Yazlık sinemada iki seçeneğimiz
vardı. Türk ve yabancı filmlerin oynatıldığı Emirgan Sineması, diğeri ise daha
çok yerli filmlerin oynatıldığı sahilde kaleye yakın Halil’in kahvesi
üzerindeki açık hava sinemasıydı. Sinema
kalelerin alt kısmındaki yamaçta olduğundan dik ve dar merdivenler ile
çıkılırdı. Sinema perdesi kale tarafındaydı. Seyirciler sırtı denize dönük
tahta sandalyelerde otururdu. Sahildeki çay bahçeleri buluşma yerleriydi.
Akşam sinemaya gitme fikri ortaya
atıldı. Gidelim, gitmeyelim derken Emirgan sinemasına gitmeye karar verdik. Telefonla
bilet ayırtılacak olduğunda rezervasyon ismimizi Cem, Tarık gibi takma adlar
olarak verirdik. Bu şekilde kimlerden olduğun anlaşılmaz ve telaffuzu kolay
olurdu. Akşam yemekten sonra birbirimize uğrayarak toplanır, kız
arkadaşlarımızın evine giderek annesinden, daha çok da babalardan izin
koparmaya çalışırdık.
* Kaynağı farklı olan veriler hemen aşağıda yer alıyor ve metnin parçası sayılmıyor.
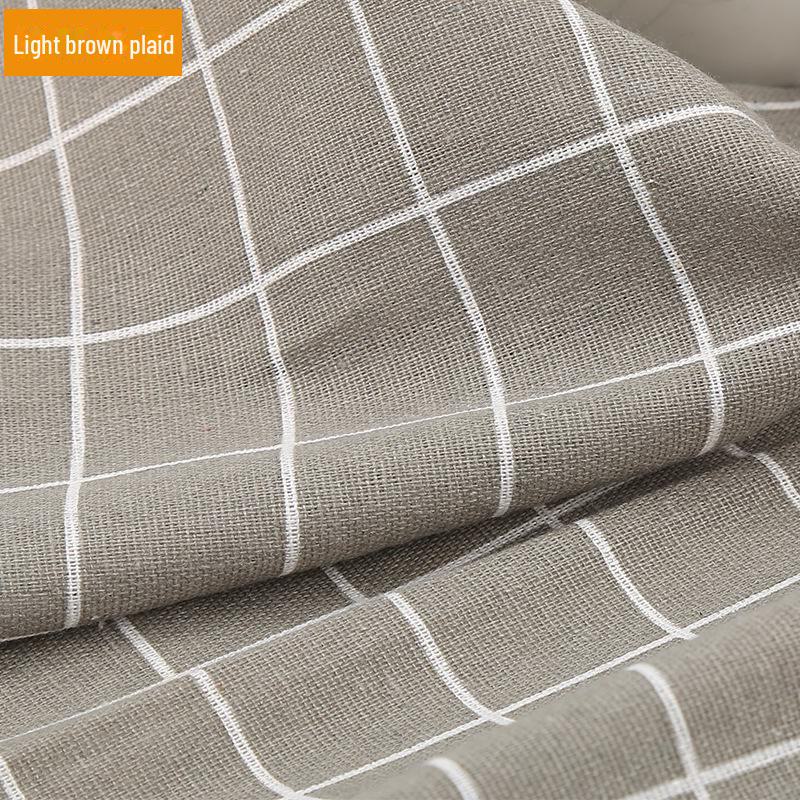 Floral Plaid Cotton-Linen Fabric for Tablecloths, Curtains, Sofas, and DIY Projects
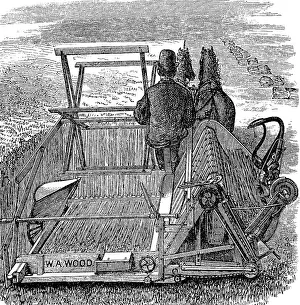 Vintage Farm Machinery Stampe: Tying machine with automatic sheaf binder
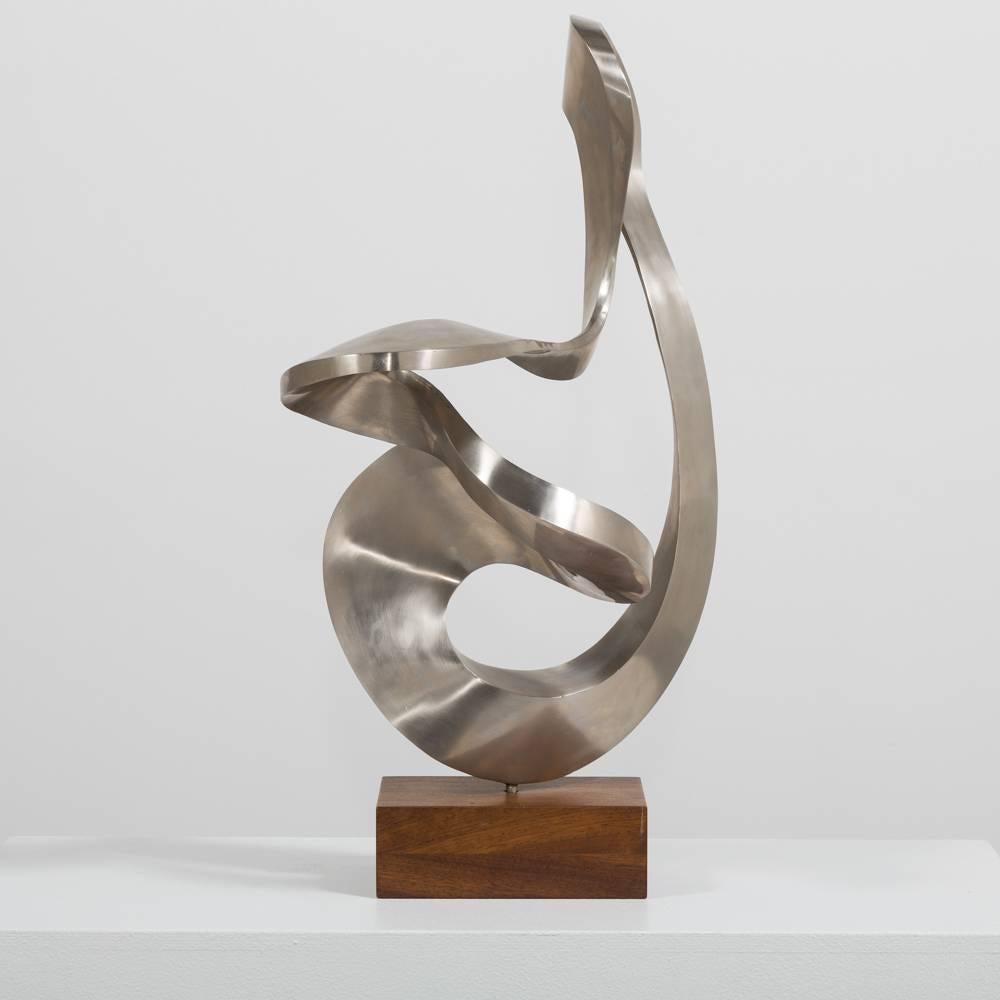 Steel Abstract Sculpture on Wooden Base, USA, 1970s 2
Çok geç kalmayın diye tembihlenirdik tabii ki.
Belirlediğimiz bir noktada toplanır,
gırgır şamata Emirgan’a doğru yürüyüşe başlardık. Necip Bey Bağına
yaklaştığımızda deniz tarafında Clup 12 sonraları Clup Cartier olan gece
kulübünden müzik sesleri geliyor. Bu akşam kim var? Neler olup bitiyor
merakıyla duvar üzerinden sarkıp anlamaya gayret ediyoruz. Ağaçlar ve
sarmaşıklardan pek bir şey göremeyince umudumuzu dönüş yoluna bırakıyoruz.
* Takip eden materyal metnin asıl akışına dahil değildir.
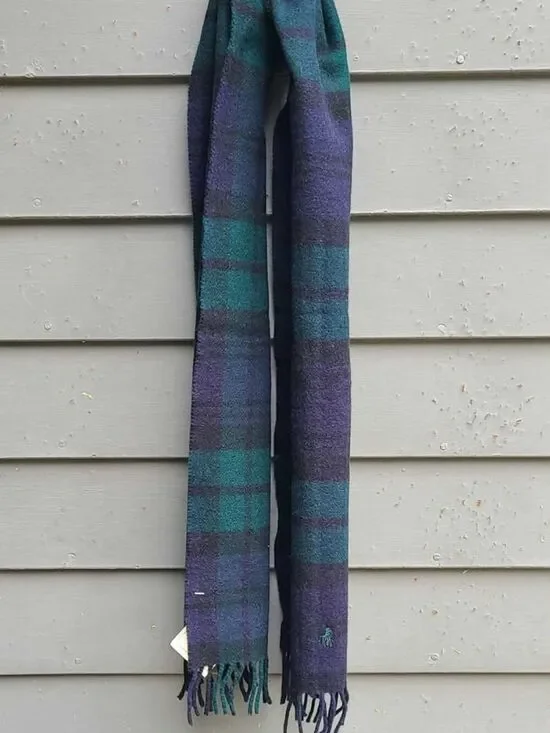Polo Ralph Lauren 100% Lambswool Green Black Plaid Scarf NWT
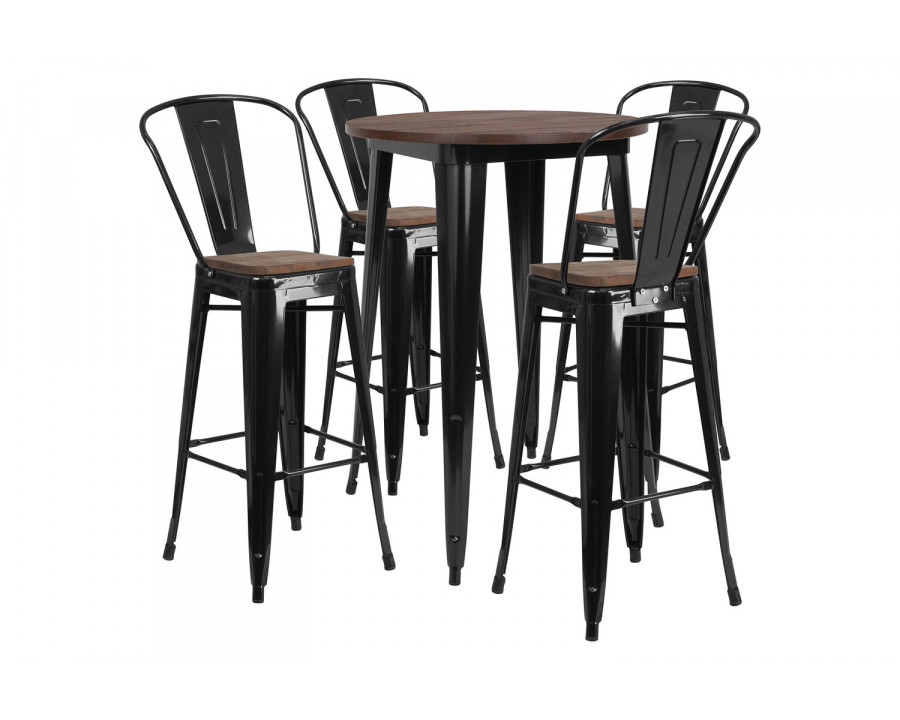 BLNK Bailey Round Metal Bar Table Set with Wood Top and 4 Stools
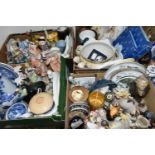 FOUR BOXES OF CERAMICS AND SUNDRY ITEMS, to include a small collection of blue and white dinner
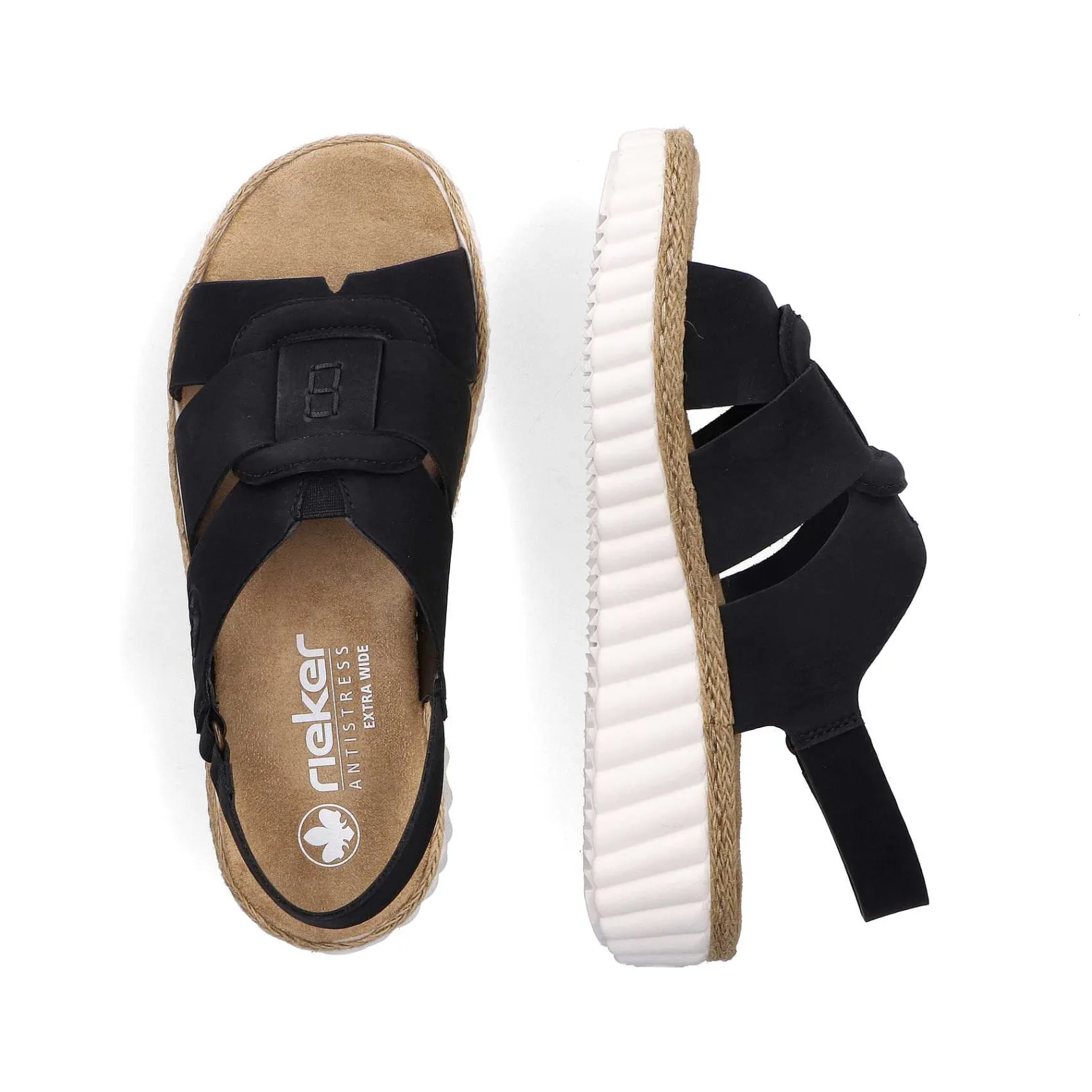 Outlet Women'S Wedge Sandals Jet Black Ladies Sandals & Sandals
Farklı konuları tartışır, geyik
muhabbetleri, şakalaşmalar ile yola devam ederdik. Solda Halim Paşa Korusunun
sessizliği, sahilde ise yorgun gemilerin yanaştığı Demir Deposunu geçince Baltalimanı
Kemik Hastanesine varıyoruz. Burnumuza gelen kötü kokular ve kurbağa sesleri
dereye yaklaştığımızı haber veriyor. Dereyi geçtikten sonra soldaki yokuştan tepedeki
sinemaya doğru kıvrılıyoruz. Sağ tarafımızda da Alpayın çok çıktığı bir başka
gece kulübü vardı. Konuşarak yürüdüğümüzden yokuşu nasıl çıktığımızı fark
etmezdik. Gişeden biletleri alıp, yerleşiyoruz.

Antrakta, yiyecek içecek satanlar
tahta kasalara gazoz açacağı ile vurur furuko, gazoz, frigo buzzz…, çekirdek bağrışlarıyla
büfeciler satış yapardı. Çekirdek çıtlatmak en çok rağbet gören
eğlenceliklerden olup, kabuklar ve şişeleri genelde yere atılırdı. Şişelere
ayağınız çarptığında sinema sessizliğinde yuvarlanan şişe sesleri sessizliği
bozar.
Sinema sonrası dönüşümüz yine yürüyerek
olurdu. Yürüyüş yolunda film kritikleri tartışma konumuz olur, Necip Bey Bağına
yaklaştığımızda gece kulübünde sanatçı sahne almışsa bir süre duvar dibinde onu
dinlerdik. Kulübü denizden seyreden bedavacılar da vardı. Burası ya da Bebek
Maksim gazinosu önüne sandallarla yanaşır programı seyrederlerdi.
Rumelihisarı’ na vardığımızda
yokuşu ya da merdivenleri çıkmak biraz zor gelirdi. Kız arkadaşların evine
yakın bir erkek varsa o eşlik eder, o yöne gidecek yoksa grup halinde kızlar evlerine
bırakılırdı. Vardığımız her kapı önünde bu saate kadar hiç konuşmamışız gibi
kapı önü sohbetleri bir süre daha devam ederdi.